Experimentalism Wrapped Around Pop: Barry Adamson's Favourite LPs | Page 13 of 14 | The Quietus

Baker's Dozen

Artists discuss the 13 records that shaped their lives

12. Alice CooperSchool’s Out

I’ve been an Alice Cooper fan since my early teens and timing wise, this album was right for me as I moving to another school. But what I found extraordinary about this record was you had title track but then it goes into stuff like ‘Luney Tune’ and ‘Street Fight’ and below the razzmatazz it goes into this really dark territory. You go off into this world of danger and you’d better be ready for it.

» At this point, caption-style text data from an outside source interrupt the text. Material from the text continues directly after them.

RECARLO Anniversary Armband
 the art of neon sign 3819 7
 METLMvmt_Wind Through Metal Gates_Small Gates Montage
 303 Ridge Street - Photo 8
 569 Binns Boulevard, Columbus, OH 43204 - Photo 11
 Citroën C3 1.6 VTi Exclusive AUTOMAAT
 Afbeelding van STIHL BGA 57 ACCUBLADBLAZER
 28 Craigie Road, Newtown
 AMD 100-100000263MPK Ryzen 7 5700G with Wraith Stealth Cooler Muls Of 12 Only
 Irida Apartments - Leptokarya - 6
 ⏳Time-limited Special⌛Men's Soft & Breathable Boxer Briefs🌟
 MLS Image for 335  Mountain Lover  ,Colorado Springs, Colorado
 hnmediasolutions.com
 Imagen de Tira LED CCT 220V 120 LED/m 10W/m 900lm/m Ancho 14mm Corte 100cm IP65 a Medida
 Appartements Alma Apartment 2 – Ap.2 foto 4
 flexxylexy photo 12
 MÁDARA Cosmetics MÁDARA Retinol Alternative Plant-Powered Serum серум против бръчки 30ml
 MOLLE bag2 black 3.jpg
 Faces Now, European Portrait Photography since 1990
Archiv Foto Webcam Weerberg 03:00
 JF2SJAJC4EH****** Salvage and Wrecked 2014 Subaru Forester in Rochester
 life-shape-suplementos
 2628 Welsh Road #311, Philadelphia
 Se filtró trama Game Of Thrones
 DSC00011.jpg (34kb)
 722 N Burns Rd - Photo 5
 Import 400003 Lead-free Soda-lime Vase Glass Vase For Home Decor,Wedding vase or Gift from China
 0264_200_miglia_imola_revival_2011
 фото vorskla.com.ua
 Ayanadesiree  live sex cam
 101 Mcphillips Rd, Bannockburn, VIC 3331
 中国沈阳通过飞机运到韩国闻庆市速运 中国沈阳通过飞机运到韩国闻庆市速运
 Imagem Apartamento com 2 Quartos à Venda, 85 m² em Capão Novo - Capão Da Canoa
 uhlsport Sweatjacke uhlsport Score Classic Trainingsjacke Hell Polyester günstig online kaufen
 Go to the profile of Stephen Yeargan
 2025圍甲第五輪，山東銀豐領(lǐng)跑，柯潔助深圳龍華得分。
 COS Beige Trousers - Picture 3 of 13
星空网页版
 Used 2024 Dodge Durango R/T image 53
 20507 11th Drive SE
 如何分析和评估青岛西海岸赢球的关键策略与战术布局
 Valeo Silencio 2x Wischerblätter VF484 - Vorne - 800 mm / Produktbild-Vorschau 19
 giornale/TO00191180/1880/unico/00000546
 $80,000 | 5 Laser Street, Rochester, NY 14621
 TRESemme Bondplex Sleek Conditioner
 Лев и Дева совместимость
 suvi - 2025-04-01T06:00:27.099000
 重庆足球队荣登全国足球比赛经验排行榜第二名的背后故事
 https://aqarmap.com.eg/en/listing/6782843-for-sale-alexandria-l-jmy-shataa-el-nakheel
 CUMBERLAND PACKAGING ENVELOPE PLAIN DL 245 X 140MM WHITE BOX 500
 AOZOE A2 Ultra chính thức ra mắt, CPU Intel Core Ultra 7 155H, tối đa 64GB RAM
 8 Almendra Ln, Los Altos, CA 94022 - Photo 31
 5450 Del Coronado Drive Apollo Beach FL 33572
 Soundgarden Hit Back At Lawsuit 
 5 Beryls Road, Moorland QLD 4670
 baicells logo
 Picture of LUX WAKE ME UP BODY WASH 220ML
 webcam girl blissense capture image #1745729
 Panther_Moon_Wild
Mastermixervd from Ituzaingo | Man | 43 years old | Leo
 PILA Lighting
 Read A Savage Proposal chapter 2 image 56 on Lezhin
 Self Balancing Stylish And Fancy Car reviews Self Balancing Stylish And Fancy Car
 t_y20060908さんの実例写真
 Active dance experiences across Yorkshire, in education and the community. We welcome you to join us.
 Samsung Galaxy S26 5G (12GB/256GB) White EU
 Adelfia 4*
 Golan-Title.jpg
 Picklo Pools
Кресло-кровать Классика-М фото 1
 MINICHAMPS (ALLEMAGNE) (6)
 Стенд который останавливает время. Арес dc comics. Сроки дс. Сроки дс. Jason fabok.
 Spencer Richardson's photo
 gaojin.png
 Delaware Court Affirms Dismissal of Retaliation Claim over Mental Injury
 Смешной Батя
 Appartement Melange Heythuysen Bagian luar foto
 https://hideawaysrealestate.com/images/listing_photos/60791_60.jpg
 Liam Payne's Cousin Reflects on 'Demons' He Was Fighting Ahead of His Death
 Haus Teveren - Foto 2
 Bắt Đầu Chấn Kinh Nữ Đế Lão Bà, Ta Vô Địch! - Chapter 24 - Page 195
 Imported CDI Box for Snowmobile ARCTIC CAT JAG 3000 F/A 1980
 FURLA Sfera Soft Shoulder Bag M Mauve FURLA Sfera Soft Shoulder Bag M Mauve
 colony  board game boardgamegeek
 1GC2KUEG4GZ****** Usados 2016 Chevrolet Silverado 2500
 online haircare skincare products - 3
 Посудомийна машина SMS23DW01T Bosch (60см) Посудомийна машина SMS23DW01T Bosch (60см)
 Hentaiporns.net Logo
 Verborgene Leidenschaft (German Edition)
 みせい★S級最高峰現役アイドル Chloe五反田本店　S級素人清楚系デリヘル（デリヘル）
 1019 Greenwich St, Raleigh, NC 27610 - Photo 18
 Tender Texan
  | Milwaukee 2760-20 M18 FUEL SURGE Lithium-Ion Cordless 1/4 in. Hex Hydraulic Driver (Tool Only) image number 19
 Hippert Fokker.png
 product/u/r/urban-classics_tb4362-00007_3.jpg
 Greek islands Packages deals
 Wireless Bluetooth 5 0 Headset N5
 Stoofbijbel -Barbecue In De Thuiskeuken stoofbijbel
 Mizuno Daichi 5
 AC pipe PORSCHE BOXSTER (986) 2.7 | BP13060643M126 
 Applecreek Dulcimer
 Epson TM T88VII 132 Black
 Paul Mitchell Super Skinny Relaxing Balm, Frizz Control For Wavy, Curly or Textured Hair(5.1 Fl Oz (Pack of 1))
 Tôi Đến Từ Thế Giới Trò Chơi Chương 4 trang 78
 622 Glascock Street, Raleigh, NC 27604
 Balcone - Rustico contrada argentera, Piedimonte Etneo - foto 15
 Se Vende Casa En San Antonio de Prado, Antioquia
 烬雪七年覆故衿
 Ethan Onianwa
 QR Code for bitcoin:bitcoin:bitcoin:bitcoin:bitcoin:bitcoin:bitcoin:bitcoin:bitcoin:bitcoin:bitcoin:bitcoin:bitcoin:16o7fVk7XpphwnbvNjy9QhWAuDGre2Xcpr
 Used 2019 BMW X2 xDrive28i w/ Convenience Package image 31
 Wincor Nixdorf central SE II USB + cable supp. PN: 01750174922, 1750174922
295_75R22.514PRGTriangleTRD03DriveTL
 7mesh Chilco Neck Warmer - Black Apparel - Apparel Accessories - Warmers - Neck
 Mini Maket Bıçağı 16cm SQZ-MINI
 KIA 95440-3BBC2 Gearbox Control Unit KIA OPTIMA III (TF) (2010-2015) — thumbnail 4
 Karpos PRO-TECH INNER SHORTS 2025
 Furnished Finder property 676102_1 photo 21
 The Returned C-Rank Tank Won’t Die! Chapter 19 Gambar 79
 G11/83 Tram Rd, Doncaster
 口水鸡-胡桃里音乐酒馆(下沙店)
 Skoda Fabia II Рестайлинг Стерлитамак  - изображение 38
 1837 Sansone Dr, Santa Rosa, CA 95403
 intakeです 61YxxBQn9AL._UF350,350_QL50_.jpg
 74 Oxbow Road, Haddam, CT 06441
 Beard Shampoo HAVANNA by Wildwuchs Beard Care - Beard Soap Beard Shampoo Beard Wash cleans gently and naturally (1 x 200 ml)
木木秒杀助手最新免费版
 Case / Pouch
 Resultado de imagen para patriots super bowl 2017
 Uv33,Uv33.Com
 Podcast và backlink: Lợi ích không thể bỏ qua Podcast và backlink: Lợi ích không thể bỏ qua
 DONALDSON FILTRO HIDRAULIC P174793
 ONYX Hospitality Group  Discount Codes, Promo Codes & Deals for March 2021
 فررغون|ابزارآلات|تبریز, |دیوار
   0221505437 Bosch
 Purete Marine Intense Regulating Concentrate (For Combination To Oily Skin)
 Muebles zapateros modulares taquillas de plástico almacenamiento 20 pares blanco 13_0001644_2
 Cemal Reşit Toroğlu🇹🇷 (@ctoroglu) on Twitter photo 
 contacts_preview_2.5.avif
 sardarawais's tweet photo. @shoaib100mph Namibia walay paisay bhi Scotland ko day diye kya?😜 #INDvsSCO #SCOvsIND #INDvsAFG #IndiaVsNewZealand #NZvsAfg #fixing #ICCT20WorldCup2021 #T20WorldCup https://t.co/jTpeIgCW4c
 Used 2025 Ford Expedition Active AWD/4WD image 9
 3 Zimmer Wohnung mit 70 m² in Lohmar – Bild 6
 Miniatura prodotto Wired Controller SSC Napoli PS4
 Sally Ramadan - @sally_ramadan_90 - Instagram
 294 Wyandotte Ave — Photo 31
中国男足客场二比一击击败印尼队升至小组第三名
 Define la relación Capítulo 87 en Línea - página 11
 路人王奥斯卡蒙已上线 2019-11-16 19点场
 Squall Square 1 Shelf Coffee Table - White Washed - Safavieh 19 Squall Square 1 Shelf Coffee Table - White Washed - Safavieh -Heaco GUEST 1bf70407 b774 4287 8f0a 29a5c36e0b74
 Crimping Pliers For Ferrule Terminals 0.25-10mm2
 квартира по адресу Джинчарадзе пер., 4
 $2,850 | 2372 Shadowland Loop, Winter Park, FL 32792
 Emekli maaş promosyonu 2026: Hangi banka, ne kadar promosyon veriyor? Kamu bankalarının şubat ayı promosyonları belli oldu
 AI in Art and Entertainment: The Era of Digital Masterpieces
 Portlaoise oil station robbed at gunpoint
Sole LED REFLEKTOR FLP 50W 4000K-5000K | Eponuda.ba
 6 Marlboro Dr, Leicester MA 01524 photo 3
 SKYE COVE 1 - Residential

Even by the end you have these amazing orchestrations by Bob Ezrin swimming around and Alice is going, ‘I’m swimming in blood!’ And you’re like, ‘fuck! What happened? We were leaving school just a minute ago!’

And ‘Street Fight’ is just that but with a bassline. It’s all totally believable and when you get to ‘Blue Turk’, that does it for me every time. And then the next, ‘My Stars’, is like this weird homage to coming out of safety and getting splattered by the world. And then there he is: ‘Public Animal #9’ – that’s what you’ve become.

And Bob Ezrin is just a genius. He’s like, ‘you play along guys and I’ll sort out everything else!’ so you get these string arrangements and synthesizers but you still get the Alice Cooper from Killer and Love It To Death except that the production has been supersized. It’s genius.